Problèmes de philosophie
par Bertrand Russell (1912)
Chapitre 1. APPARENCE ET RÉALITÉ
Existe-t-il au monde une connaissance dont la certitude soit telle qu'aucun homme raisonnable ne puisse la mettre en doute? Cette question qui, à première vue, pourrait paraître simple, est en réalité l'une des plus difficiles. Lorsque nous nous serons rendu compte des obstacles qui s'opposent à une réponse spontanée et optimiste, nous serons sur la bonne voie en ce qui concerne l'étude de la philosophie; en effet, la philosophie est simplement une tentative pour répondre à des questions de ce genre, non pas à la légère ou dogmatiquement, comme on le fait pour les choses de la vie ordinaire, et même pour les questions scientifiques, mais en exerçant notre sens critique, après avoir examiné tous les éléments qui rendent de telles questions troublantes et après nous être rendu compte de toute l'incertitude, de toute la confusion que dissimulent nos idées courantes.
Dans la vie quotidienne, nous déclarons certaines de nombreuses données; or, en les analysant de plus près, elles sont en réalité si pleines de contradictions que seule une réflexion suivie nous permet de définir ce qu'il nous est vraiment permis de croire.

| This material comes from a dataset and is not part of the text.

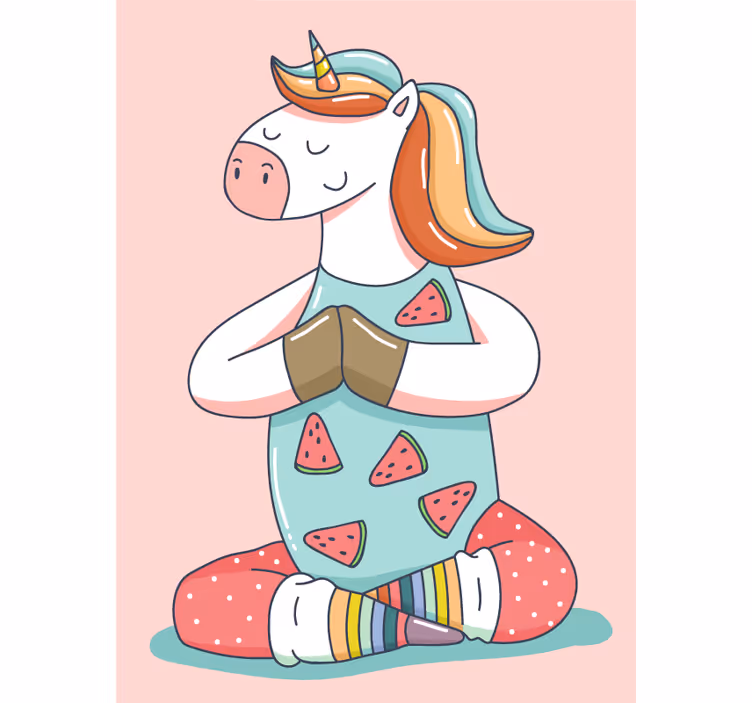Teenage blind fitness unicorn - TenStickers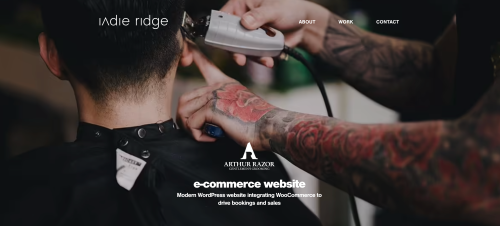 Modern WordPress website integrating WooCommerce to drive bookings and sales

Dans notre recherche d'une certitude, il est naturel d'étudier en premier lieu notre réaction du moment et, en un sens, nous pouvons certainement en tirer quelque données. Mais toute affirmation concernant la connaissance fondée sur nos observations directes, Ainsi, il me paraît qu'en ce moment je suis assis sur une chaise devant une table d'une forme particulière, sur laquelle je vois des feuilles de papier couvertes d'écriture ou de caractères d'imprimerie. En tournant la tête je vois par la fenêtre des maisons, des nuages et du soleil. Je crois que le soleil est distant de la terre d'environ 149 millions de kilomètres, que c'est un globe de feu, de nombreuses fois plus gros que la terre, et que, à cause de la rotation de celle-ci, le soleil se lève chaque matin, et qu'il en sera ainsi pendant un temps indéterminé. Je crois que, si une autre personne normale entre dans la pièce où je me trouve, elle verra les mêmes chaises, les mêmes tables, les mêmes papiers et les mêmes livres que moi; et que la table que je vois je sais que c'est elle que je touche de ma main. Tout cela est si évident qu'il est presque inutile d'en parler, sauf s'il s'agit de répondre à quelqu'un qui mettrait en doute ma connaissance. Pourtant, de cela on peut douter raisonnablement, et toutes ces assertions demandent à être minutieusement discutées si nous voulons être sûrs que nous les avons faites sous une forme absolument véridique.